Effectivement, mettre une capote à deux, scé­na­ri­ser la pose, peut pré­ser­ver de ce
fameux coup de mou pénien tant redou­té par le mâle en herbe, inféo­dé à l’injonction
érec­tile. La com­pli­ci­té dédra­ma­tise l’instant et favo­rise l’utilisation. Si certain·es
jeunes se pro­tègent lors du pre­mier rap­port, une fois qu’ils et elles se sont inti­me­ment découvert·es, ils et elles ont ten­dance à être moins obser­vants avec le temps.
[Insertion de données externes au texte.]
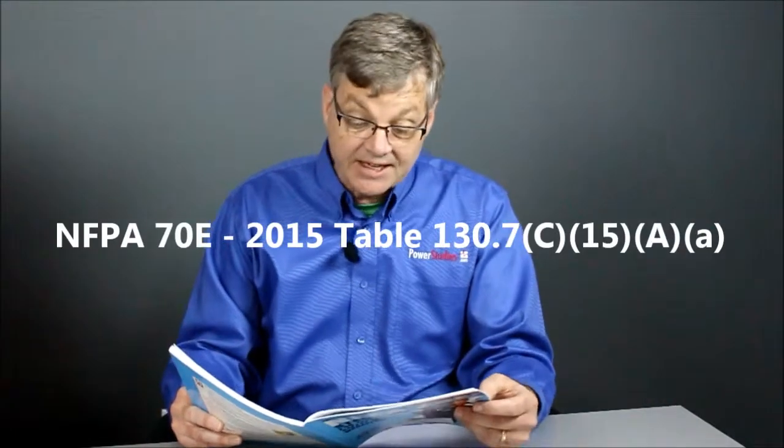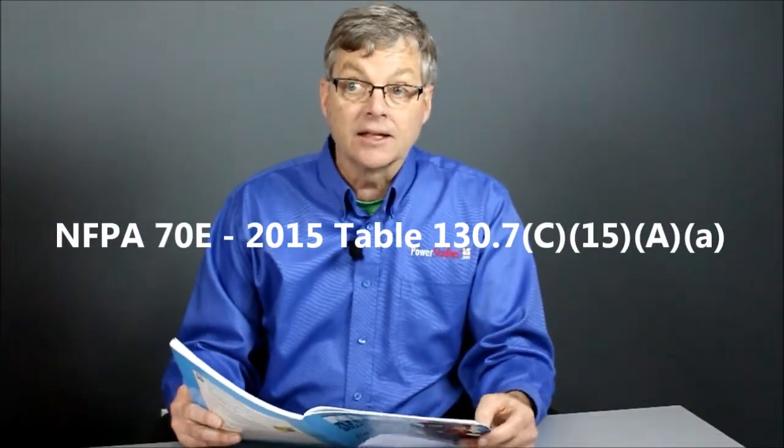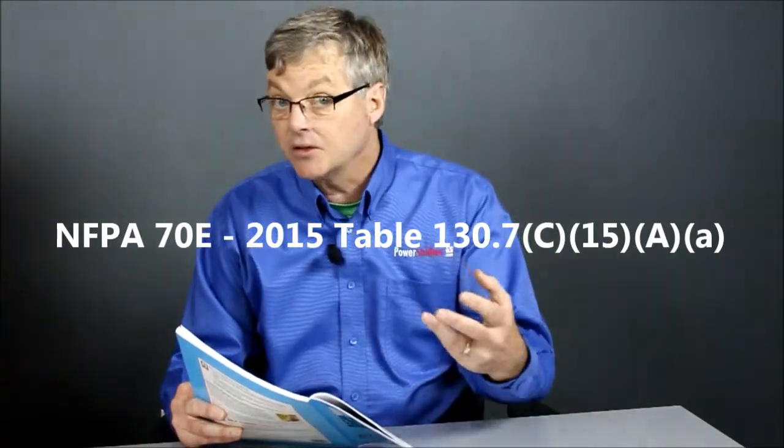Table 130.7C15AA lists various tasks. This is a brand new table in NFPA 70E this year, and it lists all these different tasks for what electricians might be doing. It will tell you, based on that task, whether the authors of this document feel there's an arc flash hazard or not. And if there is an arc flash hazard, then you have to wear the right PPE.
Et si l’un ou l’une avait été contaminé·e avant ? Et si l’un ou l’une l’était depuis la nais­sance ? Je sur­prends des regards inter­ro­ga­teurs entre couples qui pré­sagent de bons débats à la cafèt et de tests à venir.
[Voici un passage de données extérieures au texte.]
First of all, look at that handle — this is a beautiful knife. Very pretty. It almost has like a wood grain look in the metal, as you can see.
À Ivry (Val-​de-​Marne), j’avais ren­con­tré un mec beau­coup plus radi­cal sur le sujet,
en mode « Call of au plu­mard » : « Ma copine-​cochon [sic], je la ter­mine à balles réelles [sans capotes]. Les mecs qui baisent avec des balles à blanc [avec des capotes], ce sont des bal­tringues. » Ce genre de mecs qui jouent à la rou­lette russe avec les virus, je les fais grim­per à 120 bat­te­ments par minute avec des his­toires de cul qui se sont ter­mi­nées en cendres au Père-​Lachaise. Une fois désar­més, ils demandent où se faire tester.

Dans les couples hété­ros, les sté­réo­types de genre s’invitent au moment de la
négo­cia­tion du pré­ser­va­tif et impactent la déci­sion ou non de se pro­té­ger. Certains
gar­çons, édu­qués en bons mâles domi­nants, exa­gèrent les codes d’une viri­li­té qui les
pré­dis­pose à une prise de risques sexuels. Que ce soit pour tirer à « balles réelles » ou sim­ple­ment pour affi­cher leur maî­trise des choses de la vie en se reti­rant avant
éja­cu­la­tion, ils vont jouer la par­ti­tion du « même pas peur ». En géné­ral, ils ont
bien inté­gré en cours de SVT que, bio­lo­gi­que­ment, les filles sont les plus expo­sées
et, du coup, ils s’estiment immunisés.

Certaines filles, elles, mises sous pres­sion par les « for­ceurs », ne se sentent pas
légi­times, voire en capa­ci­té de refu­ser un rap­port non pro­té­gé. Le fait de les main­te­nir dans l’ignorance de leurs corps et de leurs propres choix sexuels nuit gran­de­ment à leur san­té affec­tive ! Au moment de la négo du pré­so, cette vul­né­ra­bi­li­té les met en dan­ger puisqu’elles finissent par accep­ter ce qu’elles vou­laient refu­ser. Travailler sur l’égalité et la légi­ti­mi­té de chacun·e à choi­sir et vivre plei­ne­ment sa sexua­li­té, c’est œuvrer à la réduc­tion des risques sexuels bien plus qu’en balan­çant des tonnes de latex à la sor­tie des lycées.